Last week, the Icelandic government received an announcement from the human rights representative of the United Nations stating that case nr. 1306/2004 against the Icelandic government had been dropped.


Archive photo by Páll Stefánsson.

The reason is that the Icelandic government has to a certain extent reacted in a satisfactory manner to the committee’s suggestions, as stated in a joint press release from the Icelandic Ministries for Foreign Affairs and Fisheries.

On September 15, 2003, Erlingur Sveinn Haraldsson and Örn Snævar Sveinsson requested that the UN Human Rights Committee investigate, on the basis of the protocol on the international treaty on civic and political rights, whether the Icelandic government had violated the 26th article of the treaty, which stipulates that everyone is equal before the law and is to be protected by the law without discrimination.

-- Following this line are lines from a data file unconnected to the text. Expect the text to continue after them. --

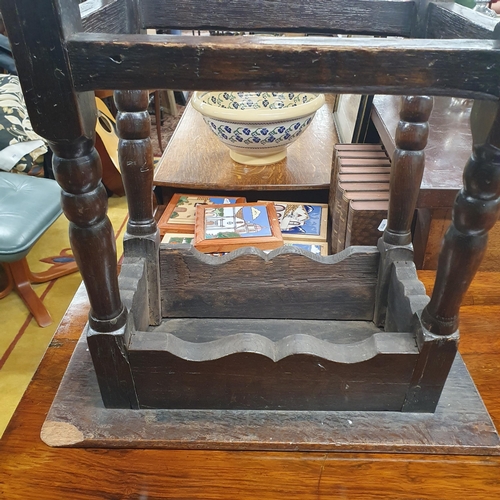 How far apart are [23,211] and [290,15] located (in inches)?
35.5

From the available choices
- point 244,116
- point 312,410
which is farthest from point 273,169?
point 312,410

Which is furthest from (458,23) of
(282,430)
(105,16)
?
(282,430)

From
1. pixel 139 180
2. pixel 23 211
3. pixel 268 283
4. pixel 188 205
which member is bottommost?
pixel 23 211

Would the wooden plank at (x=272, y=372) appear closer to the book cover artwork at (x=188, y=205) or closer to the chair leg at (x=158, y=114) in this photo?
the book cover artwork at (x=188, y=205)

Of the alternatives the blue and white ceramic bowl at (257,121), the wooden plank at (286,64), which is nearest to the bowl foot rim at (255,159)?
the blue and white ceramic bowl at (257,121)

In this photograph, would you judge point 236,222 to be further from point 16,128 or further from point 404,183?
point 16,128

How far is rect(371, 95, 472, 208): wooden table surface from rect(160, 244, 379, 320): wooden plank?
153 mm

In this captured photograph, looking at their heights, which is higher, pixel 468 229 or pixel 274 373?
pixel 468 229

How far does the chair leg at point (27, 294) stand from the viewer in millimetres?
1315

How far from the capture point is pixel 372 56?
0.34 meters

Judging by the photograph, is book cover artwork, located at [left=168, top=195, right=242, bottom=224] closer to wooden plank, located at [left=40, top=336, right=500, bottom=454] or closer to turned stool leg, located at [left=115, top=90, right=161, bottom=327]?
turned stool leg, located at [left=115, top=90, right=161, bottom=327]

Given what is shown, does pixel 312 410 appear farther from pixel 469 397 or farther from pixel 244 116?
pixel 244 116

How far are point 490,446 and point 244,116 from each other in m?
0.67

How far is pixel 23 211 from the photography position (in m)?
1.20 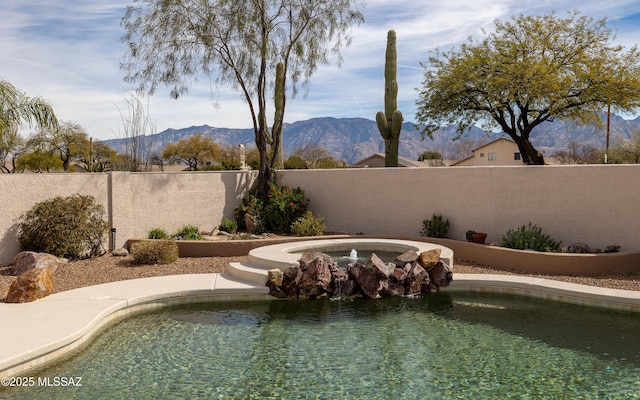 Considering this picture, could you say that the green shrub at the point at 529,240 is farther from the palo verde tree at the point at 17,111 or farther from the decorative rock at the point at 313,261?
the palo verde tree at the point at 17,111

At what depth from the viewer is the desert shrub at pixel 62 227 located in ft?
37.6

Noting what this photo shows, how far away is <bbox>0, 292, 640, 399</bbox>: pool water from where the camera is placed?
18.8 feet

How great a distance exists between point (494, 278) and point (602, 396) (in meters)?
4.56

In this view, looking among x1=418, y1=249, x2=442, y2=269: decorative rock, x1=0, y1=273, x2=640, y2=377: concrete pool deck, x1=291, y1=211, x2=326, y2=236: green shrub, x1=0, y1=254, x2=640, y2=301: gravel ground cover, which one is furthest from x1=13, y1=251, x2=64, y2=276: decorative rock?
x1=418, y1=249, x2=442, y2=269: decorative rock

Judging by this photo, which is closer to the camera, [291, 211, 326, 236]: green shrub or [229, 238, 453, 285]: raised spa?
[229, 238, 453, 285]: raised spa

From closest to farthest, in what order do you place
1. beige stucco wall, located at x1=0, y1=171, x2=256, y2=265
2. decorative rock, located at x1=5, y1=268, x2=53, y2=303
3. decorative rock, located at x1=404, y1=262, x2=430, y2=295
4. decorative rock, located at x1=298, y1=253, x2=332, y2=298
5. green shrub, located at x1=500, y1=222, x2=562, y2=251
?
decorative rock, located at x1=5, y1=268, x2=53, y2=303
decorative rock, located at x1=298, y1=253, x2=332, y2=298
decorative rock, located at x1=404, y1=262, x2=430, y2=295
beige stucco wall, located at x1=0, y1=171, x2=256, y2=265
green shrub, located at x1=500, y1=222, x2=562, y2=251

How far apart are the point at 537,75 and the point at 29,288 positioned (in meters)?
17.2

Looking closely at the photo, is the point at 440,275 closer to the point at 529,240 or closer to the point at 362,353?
the point at 529,240

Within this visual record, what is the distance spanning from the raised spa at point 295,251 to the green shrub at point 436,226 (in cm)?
165

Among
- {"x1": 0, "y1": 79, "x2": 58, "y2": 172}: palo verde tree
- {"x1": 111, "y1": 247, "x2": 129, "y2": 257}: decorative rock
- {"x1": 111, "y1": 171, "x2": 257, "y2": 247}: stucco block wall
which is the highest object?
{"x1": 0, "y1": 79, "x2": 58, "y2": 172}: palo verde tree

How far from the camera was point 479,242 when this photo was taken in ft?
42.4

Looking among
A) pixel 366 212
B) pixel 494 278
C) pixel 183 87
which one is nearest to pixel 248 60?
pixel 183 87

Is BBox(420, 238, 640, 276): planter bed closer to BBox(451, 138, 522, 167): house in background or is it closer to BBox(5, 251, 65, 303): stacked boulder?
BBox(5, 251, 65, 303): stacked boulder

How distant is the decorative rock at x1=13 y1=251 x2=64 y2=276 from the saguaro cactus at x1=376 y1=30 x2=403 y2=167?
437 inches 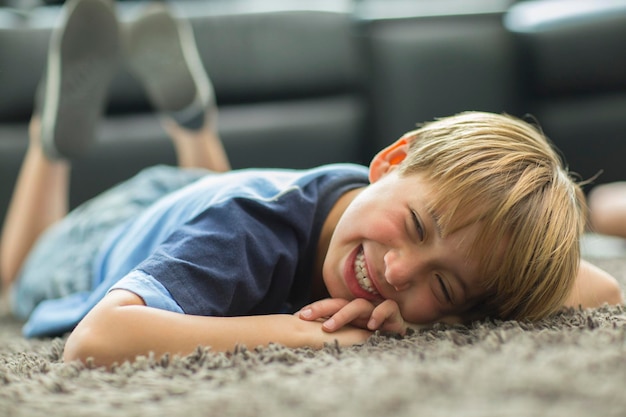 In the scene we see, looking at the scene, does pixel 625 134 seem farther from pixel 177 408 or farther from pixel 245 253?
pixel 177 408

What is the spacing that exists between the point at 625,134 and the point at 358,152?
65 centimetres

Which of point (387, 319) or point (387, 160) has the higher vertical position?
point (387, 160)

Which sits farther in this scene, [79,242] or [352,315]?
[79,242]

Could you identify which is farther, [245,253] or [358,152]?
[358,152]

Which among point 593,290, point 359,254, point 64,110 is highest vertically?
point 64,110

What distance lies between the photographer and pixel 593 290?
0.87 metres

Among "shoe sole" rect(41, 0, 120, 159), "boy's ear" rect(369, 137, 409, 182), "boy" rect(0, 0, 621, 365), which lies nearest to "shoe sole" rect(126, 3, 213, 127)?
"shoe sole" rect(41, 0, 120, 159)

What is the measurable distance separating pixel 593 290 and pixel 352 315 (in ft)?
1.15

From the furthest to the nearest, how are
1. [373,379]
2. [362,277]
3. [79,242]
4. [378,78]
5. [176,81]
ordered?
[378,78] < [176,81] < [79,242] < [362,277] < [373,379]

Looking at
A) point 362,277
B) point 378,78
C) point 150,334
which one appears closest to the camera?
point 150,334

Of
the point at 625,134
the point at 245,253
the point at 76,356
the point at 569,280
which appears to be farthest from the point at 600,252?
the point at 76,356

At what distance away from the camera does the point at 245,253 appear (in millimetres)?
754

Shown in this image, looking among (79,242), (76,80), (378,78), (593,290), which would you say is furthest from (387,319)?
(378,78)

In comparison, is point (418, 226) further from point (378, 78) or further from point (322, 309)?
point (378, 78)
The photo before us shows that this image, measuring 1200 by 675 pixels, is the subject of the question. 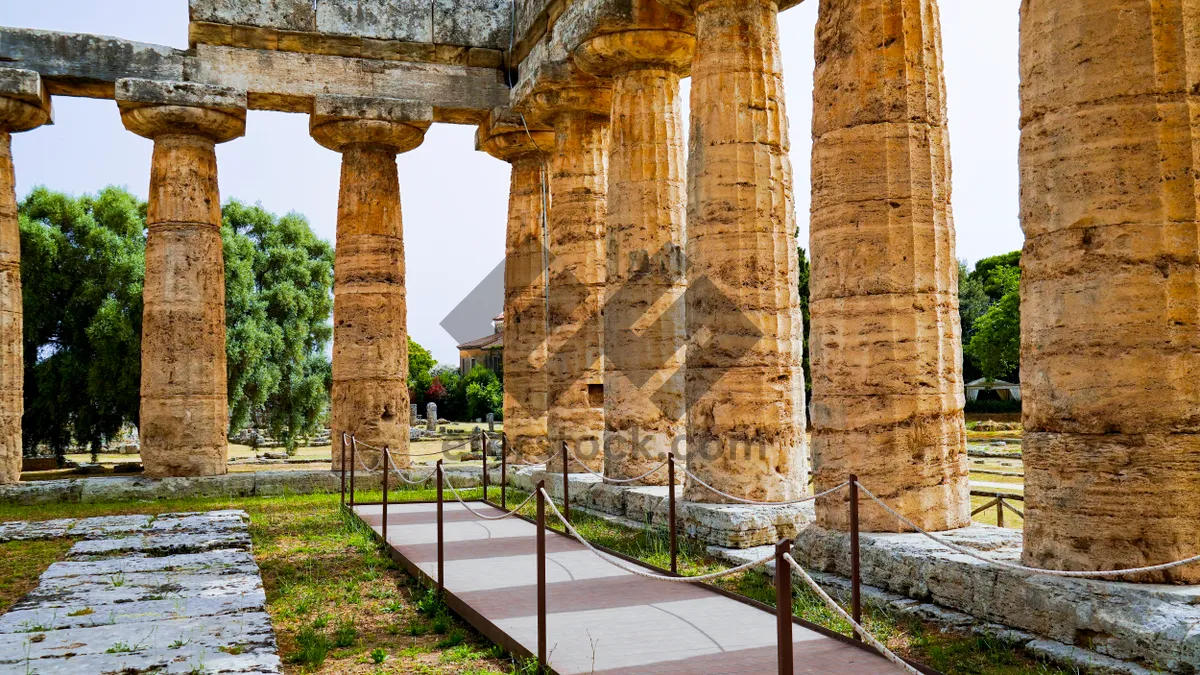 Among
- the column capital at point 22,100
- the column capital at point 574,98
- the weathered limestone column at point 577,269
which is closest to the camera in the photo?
the column capital at point 574,98

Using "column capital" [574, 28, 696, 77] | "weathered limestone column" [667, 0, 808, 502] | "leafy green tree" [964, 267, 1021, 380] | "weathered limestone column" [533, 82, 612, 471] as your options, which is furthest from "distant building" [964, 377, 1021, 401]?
"weathered limestone column" [667, 0, 808, 502]

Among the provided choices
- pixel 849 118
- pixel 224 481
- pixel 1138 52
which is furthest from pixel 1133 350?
pixel 224 481

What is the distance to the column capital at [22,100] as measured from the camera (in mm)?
16266

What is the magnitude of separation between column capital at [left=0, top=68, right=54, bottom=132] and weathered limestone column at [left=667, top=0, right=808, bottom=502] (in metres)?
11.4

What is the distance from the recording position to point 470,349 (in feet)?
265

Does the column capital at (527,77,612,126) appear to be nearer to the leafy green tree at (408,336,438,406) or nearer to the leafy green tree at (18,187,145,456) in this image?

Erlingur and Örn stated that they were legally obligated to pay so that a group of VIPs could practice their profession of choice whereas they themselves had to buy or rent fishing quota to be able to catch and sell fish for a living.

They wanted to share the right of fishing quota owners to practice their profession of choice without having to overcome hindrances benefitting quota owners.

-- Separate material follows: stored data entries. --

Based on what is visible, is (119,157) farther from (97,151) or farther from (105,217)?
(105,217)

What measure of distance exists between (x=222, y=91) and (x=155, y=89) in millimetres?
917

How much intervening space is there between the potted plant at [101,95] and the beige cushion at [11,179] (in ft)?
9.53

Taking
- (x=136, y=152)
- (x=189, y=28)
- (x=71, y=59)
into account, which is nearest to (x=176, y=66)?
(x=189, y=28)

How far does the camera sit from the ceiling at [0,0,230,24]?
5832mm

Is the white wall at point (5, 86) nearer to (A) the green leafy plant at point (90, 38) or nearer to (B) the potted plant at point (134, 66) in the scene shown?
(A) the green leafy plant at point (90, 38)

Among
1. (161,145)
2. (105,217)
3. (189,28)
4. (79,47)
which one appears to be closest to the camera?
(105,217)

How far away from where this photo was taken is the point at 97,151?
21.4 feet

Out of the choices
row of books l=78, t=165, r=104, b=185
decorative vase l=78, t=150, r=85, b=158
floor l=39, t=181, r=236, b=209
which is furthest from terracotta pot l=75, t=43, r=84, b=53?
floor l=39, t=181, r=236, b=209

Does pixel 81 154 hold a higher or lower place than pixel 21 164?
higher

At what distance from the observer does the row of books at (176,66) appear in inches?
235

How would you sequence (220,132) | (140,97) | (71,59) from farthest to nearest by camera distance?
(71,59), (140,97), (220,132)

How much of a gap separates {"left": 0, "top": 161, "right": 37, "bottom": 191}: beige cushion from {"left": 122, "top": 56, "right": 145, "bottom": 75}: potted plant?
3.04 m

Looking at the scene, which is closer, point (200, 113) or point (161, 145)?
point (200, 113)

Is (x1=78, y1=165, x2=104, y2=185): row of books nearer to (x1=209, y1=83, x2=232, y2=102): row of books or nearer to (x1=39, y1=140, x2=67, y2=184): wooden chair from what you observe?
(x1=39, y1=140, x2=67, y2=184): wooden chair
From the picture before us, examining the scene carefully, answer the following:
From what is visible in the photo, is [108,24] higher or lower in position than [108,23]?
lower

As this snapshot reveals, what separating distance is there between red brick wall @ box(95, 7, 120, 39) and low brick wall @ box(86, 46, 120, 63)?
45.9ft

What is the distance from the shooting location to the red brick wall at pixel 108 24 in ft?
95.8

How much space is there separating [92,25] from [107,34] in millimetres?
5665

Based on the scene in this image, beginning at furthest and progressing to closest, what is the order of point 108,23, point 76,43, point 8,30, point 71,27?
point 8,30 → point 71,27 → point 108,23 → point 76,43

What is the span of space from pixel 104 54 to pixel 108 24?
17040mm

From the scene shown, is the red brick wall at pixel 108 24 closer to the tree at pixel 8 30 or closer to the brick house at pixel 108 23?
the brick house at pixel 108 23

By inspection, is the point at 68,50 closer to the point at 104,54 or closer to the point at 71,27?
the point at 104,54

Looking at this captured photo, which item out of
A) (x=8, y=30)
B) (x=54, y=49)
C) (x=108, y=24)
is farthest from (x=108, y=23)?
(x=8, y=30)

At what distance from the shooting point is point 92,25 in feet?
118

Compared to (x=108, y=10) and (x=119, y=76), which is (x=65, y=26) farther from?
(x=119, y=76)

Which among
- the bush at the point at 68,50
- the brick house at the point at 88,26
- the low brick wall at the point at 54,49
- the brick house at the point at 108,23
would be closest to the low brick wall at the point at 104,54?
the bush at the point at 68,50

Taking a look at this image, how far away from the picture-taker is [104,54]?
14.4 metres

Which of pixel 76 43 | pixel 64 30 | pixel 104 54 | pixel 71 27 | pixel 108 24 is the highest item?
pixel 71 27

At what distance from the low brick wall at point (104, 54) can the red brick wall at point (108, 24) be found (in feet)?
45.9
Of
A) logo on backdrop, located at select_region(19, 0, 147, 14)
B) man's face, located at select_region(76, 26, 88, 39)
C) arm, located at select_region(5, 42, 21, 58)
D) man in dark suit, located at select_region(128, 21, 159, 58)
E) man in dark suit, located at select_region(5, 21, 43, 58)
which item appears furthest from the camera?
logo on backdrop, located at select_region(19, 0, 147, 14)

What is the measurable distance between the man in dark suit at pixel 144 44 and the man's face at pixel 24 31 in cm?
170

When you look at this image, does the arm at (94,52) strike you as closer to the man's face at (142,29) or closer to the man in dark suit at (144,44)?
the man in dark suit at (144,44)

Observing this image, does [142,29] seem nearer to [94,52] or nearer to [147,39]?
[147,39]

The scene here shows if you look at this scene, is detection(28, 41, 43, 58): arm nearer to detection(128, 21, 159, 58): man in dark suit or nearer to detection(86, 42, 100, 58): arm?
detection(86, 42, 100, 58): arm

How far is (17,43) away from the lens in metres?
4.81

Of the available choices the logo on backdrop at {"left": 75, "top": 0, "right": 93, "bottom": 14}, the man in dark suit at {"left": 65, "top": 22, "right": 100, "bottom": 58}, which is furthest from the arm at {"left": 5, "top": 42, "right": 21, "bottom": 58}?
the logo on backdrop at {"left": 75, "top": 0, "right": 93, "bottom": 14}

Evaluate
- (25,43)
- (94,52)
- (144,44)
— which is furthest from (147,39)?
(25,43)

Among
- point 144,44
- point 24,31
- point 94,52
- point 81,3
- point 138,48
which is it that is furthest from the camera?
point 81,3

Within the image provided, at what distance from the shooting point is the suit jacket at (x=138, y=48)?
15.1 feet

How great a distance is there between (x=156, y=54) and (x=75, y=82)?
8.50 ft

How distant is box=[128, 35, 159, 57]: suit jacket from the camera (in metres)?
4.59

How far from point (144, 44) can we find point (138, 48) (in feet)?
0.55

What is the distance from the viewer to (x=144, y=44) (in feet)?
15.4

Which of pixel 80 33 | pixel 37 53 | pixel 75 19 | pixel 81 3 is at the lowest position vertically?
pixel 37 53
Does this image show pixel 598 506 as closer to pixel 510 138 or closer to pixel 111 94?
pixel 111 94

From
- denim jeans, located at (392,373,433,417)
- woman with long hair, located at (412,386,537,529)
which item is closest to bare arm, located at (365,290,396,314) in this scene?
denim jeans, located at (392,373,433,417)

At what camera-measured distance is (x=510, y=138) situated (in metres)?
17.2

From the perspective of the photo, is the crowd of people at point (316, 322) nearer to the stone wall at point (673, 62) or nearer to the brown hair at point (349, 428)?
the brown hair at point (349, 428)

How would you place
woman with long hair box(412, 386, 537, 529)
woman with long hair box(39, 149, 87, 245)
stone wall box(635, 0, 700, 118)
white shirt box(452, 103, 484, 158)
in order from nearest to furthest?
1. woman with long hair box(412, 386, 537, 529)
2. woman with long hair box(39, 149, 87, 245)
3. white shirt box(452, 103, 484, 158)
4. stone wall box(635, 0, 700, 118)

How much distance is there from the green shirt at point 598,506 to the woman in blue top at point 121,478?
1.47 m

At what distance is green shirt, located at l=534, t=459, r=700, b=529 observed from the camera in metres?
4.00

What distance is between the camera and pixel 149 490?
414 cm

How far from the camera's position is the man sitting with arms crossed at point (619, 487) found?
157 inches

The committee discussed their case in October 2007, concluding that the Icelandic state was to pay damages to the claimants and review the fisheries control system.

In June 2008 the Icelandic government explained their position on the matter. The Minister of Fisheries at the time, Einar K. Guðfinnsson, stated that Icelandic authorities neither considered themselves able to compensate the claimants nor carry out immediate changes to the fishing quota system.

In February 2009 current Minister of Fisheries Steingrímur J. Sigfússon iterated on the government’s behalf that a decision had been made to strengthen the articles on human rights in the Constitution of Iceland and guarantee that the natural resources of the ocean be in joint ownership of the entire nation, otherwise agreeing with the former statement.